■ **Task directions**
Copy out precisely the lines of the material that follows, beginning with the line containing "Natural fiber bedding" and ending with its last line; exclude pictures.

════════════════════

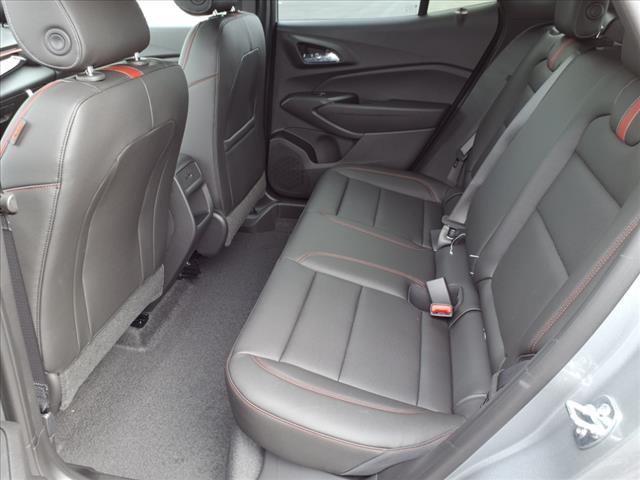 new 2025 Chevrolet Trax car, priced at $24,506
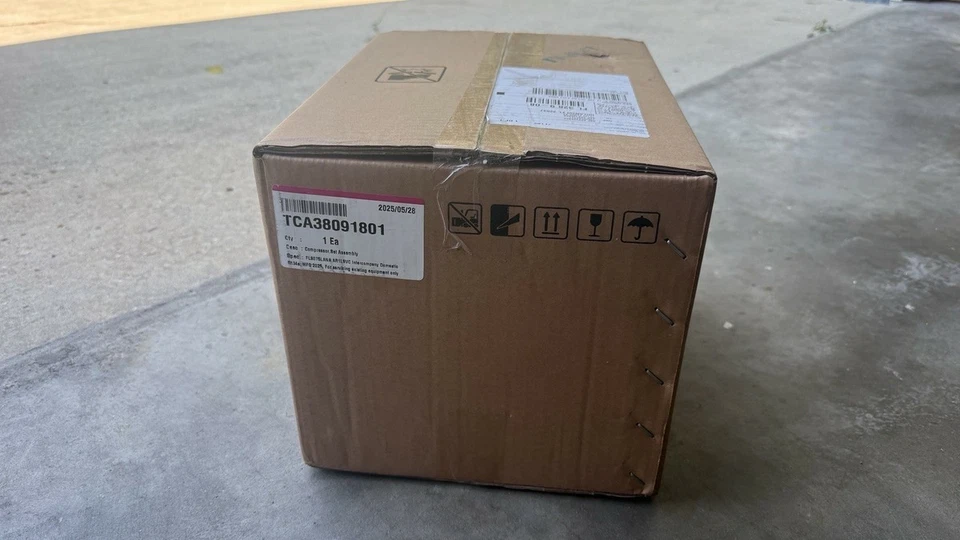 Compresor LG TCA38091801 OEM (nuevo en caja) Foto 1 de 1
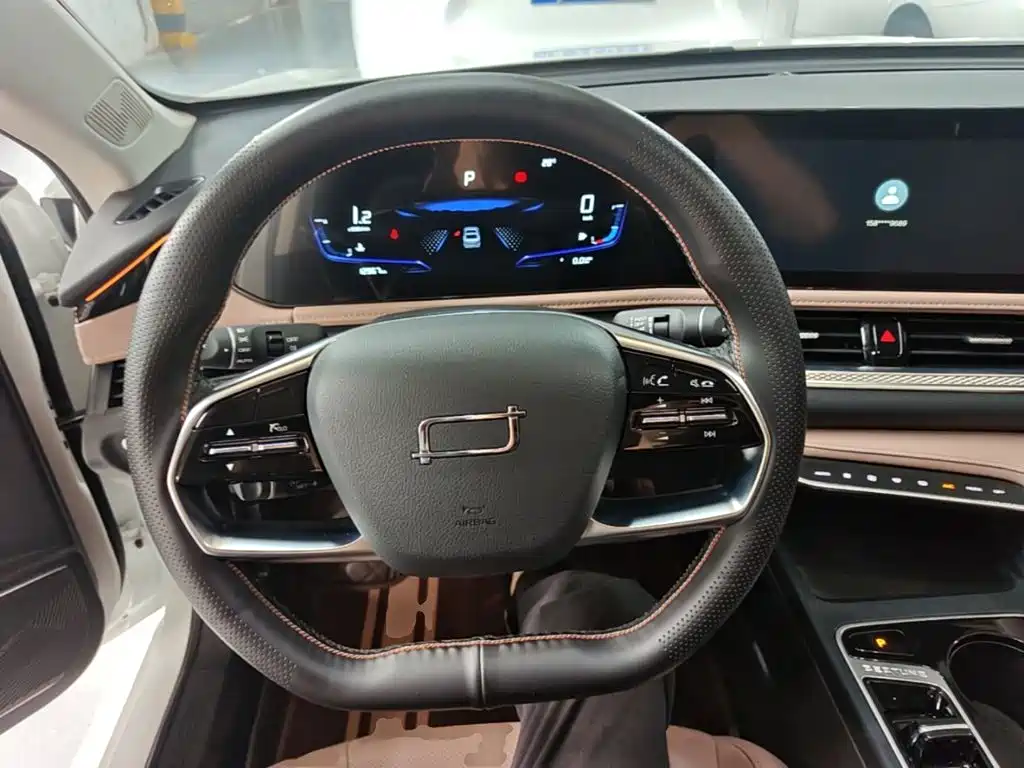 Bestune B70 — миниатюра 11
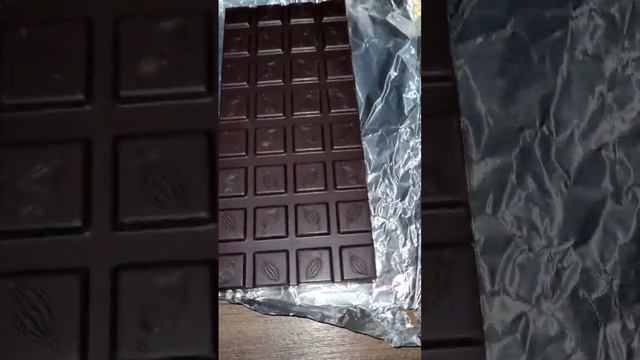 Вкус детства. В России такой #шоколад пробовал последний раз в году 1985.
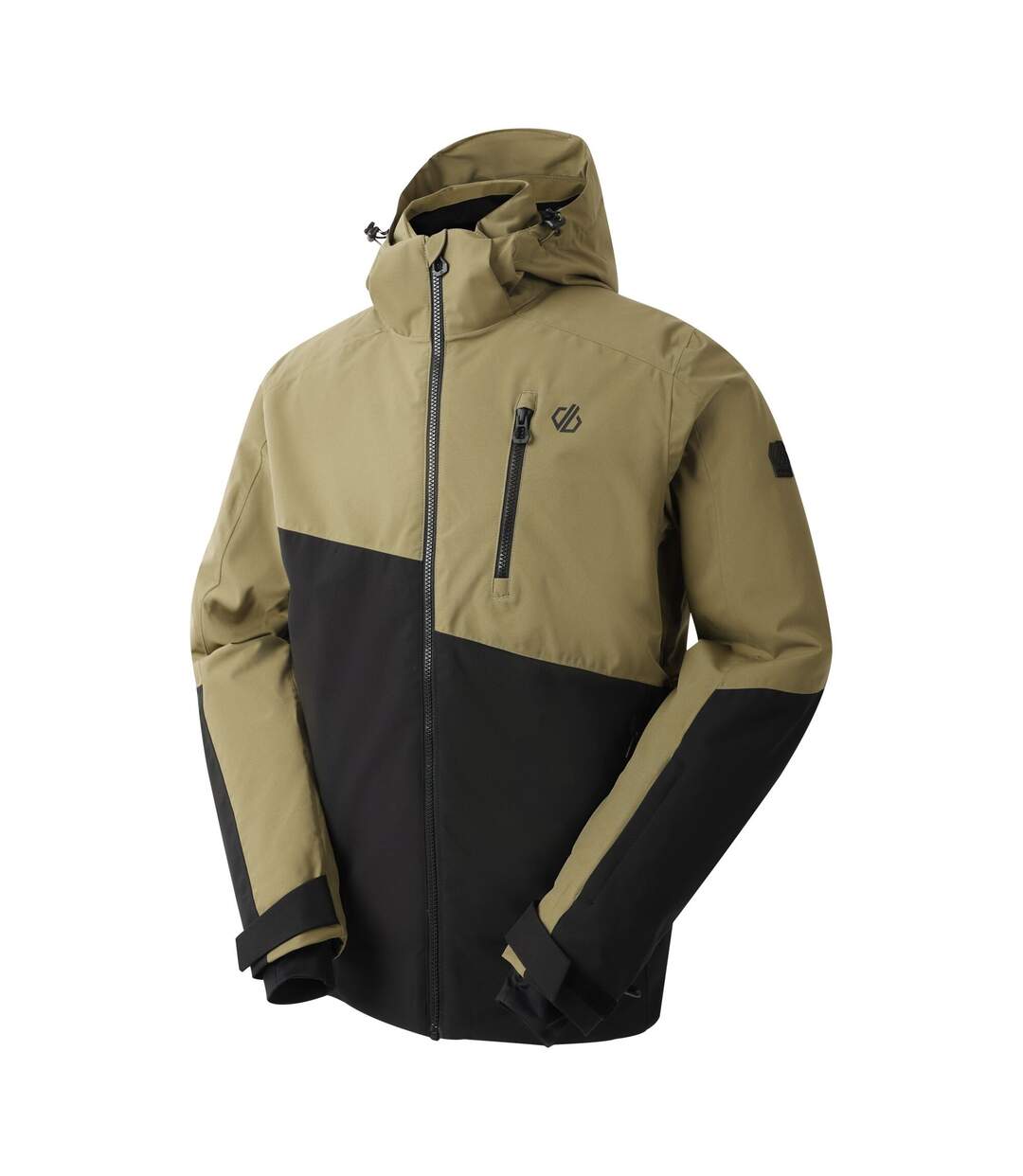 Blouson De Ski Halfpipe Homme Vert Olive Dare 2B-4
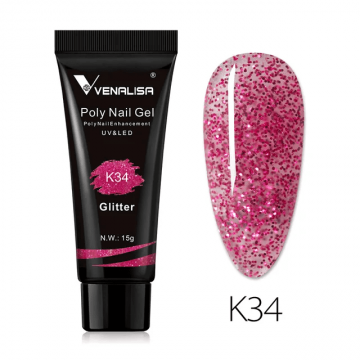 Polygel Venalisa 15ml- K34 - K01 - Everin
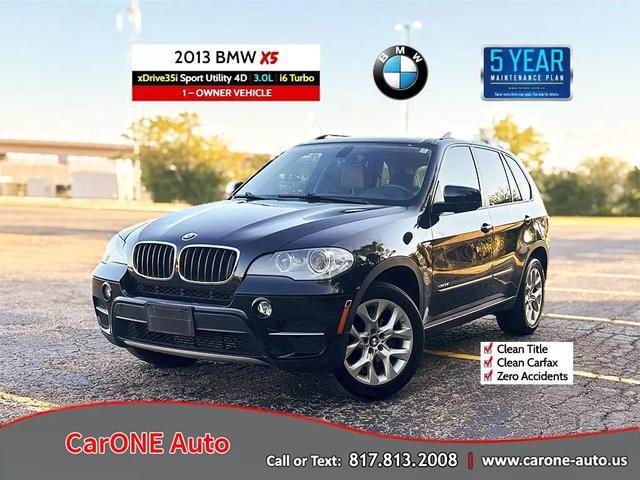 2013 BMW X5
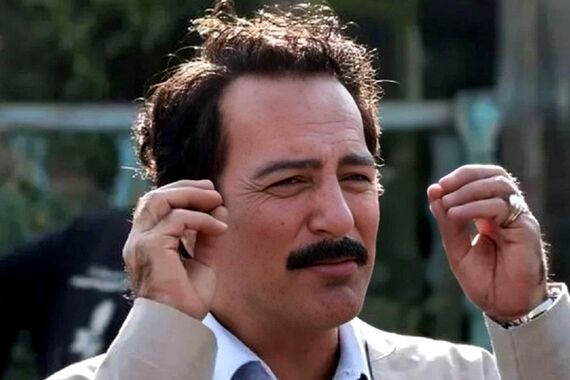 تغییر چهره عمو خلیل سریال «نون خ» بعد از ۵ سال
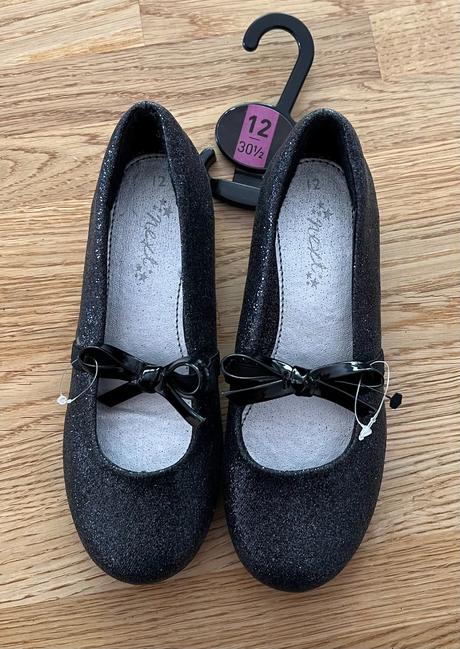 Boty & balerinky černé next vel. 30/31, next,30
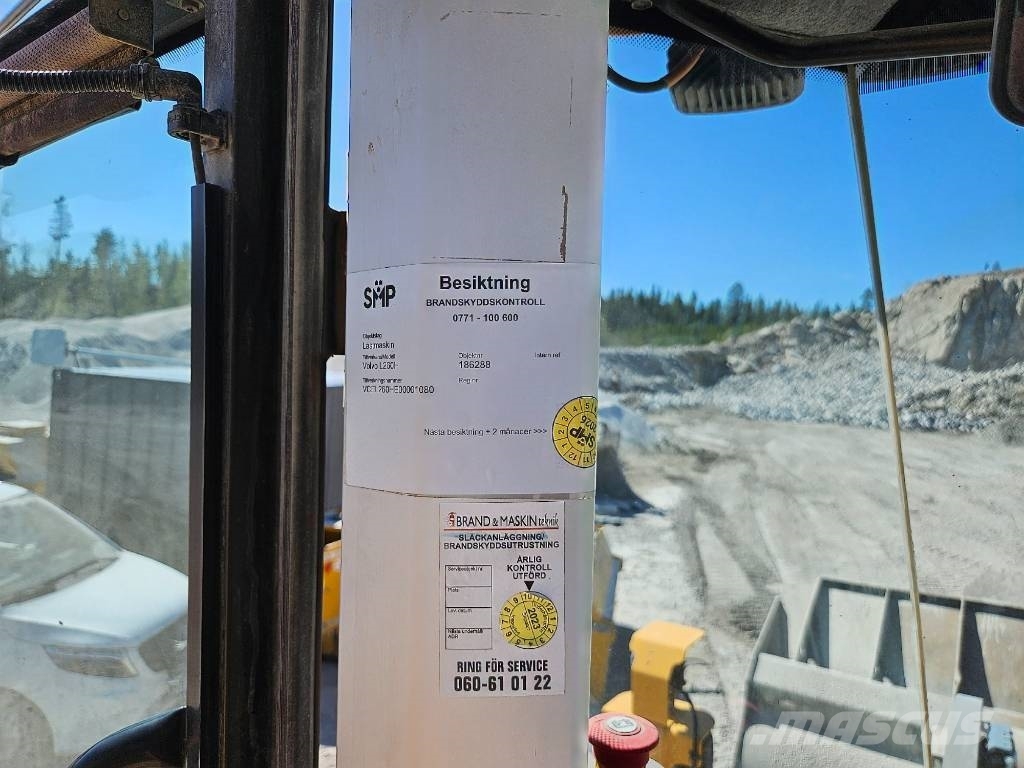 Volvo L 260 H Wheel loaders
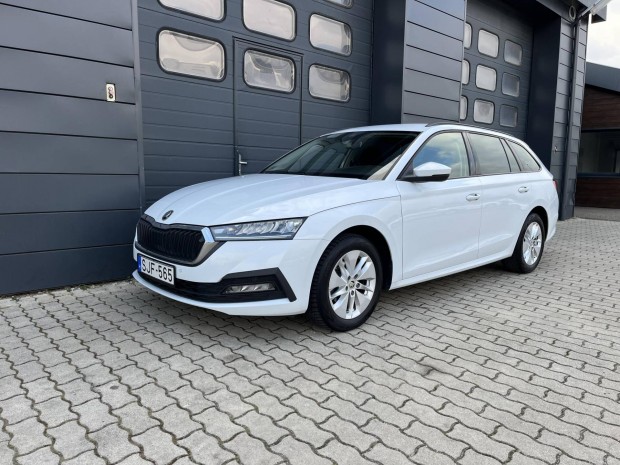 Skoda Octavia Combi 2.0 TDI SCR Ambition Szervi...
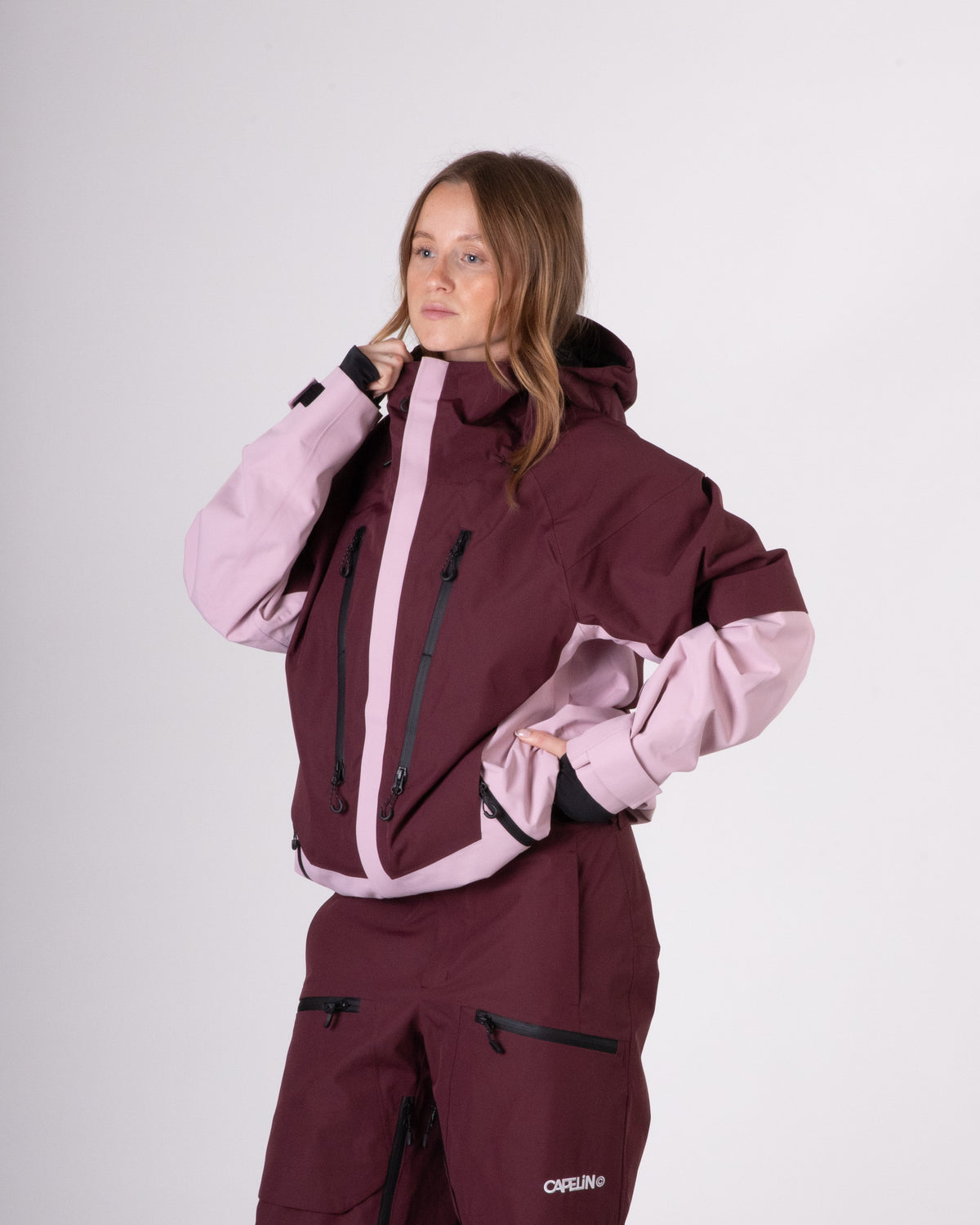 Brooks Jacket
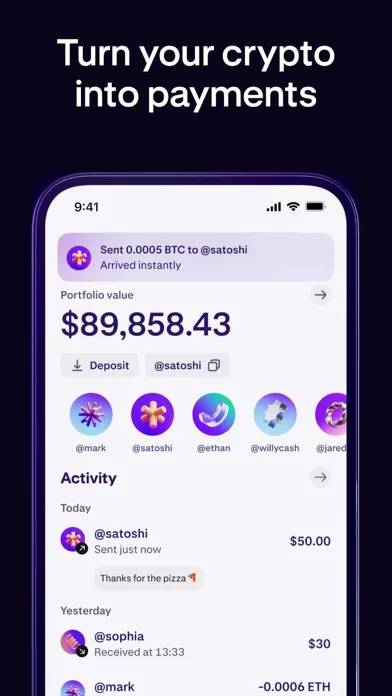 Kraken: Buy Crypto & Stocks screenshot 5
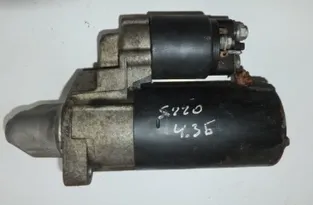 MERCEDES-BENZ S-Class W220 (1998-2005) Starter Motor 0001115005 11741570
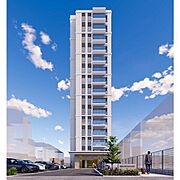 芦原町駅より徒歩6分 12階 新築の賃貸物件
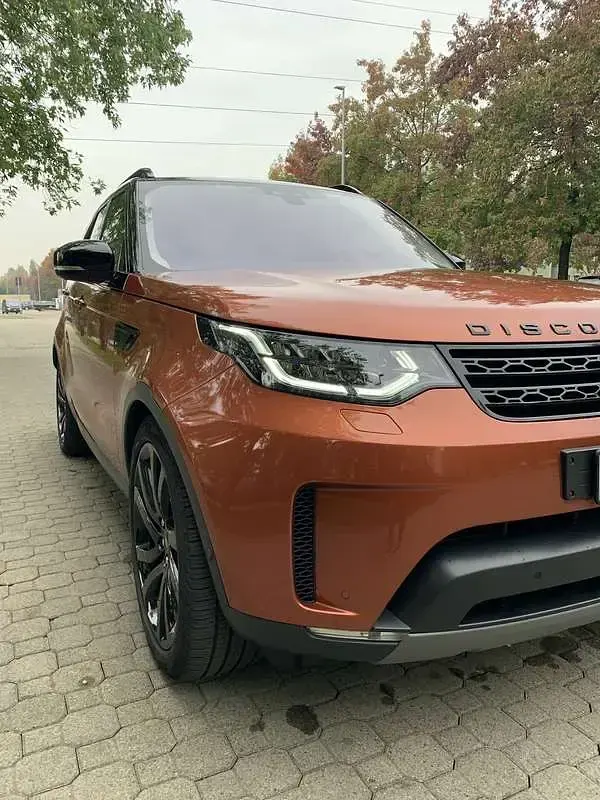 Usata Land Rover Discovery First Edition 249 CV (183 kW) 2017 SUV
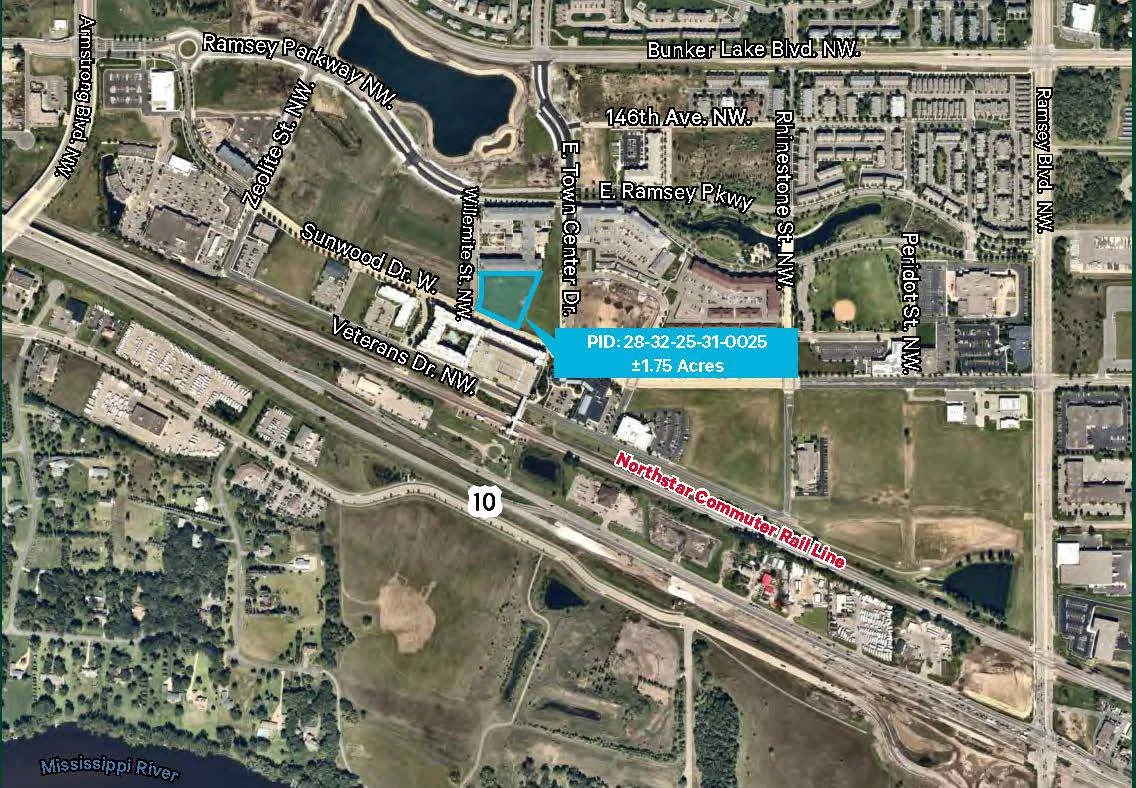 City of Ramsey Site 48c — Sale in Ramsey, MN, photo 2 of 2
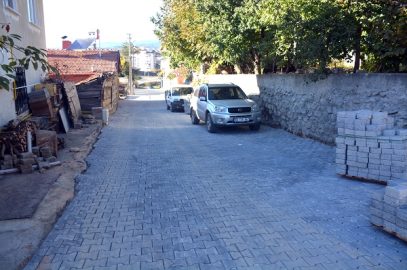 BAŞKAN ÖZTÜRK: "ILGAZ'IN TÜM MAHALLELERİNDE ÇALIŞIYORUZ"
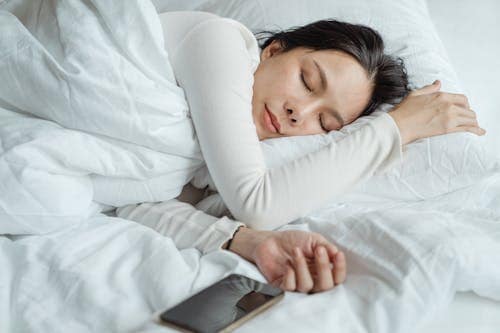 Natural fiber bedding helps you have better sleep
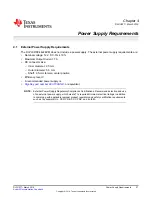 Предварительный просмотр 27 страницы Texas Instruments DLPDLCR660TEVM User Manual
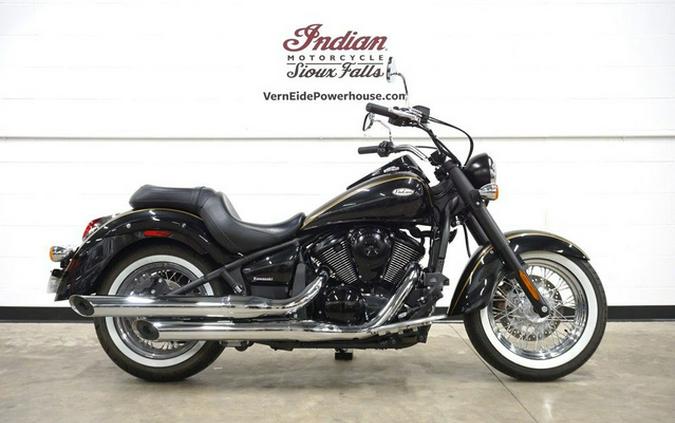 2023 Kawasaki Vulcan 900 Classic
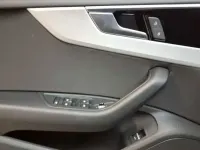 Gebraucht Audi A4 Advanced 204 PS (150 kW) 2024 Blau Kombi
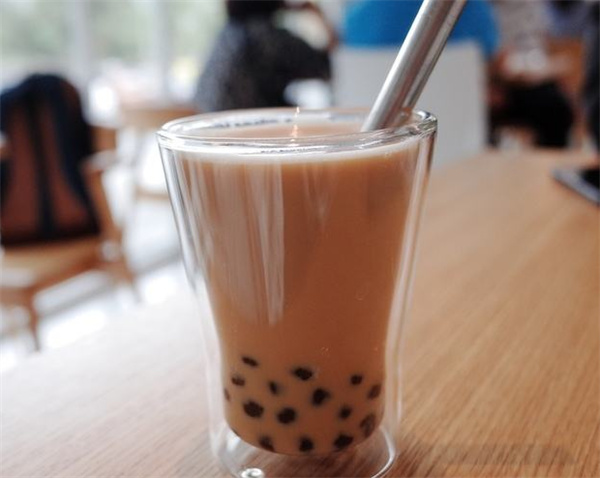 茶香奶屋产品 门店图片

════════════════════

■ **Reply to the exercise**
 Natural fiber bedding helps you have better sleep
 Предварительный просмотр 27 страницы Texas Instruments DLPDLCR660TEVM User Manual
 2023 Kawasaki Vulcan 900 Classic
 Gebraucht Audi A4 Advanced 204 PS (150 kW) 2024 Blau Kombi
 茶香奶屋产品 门店图片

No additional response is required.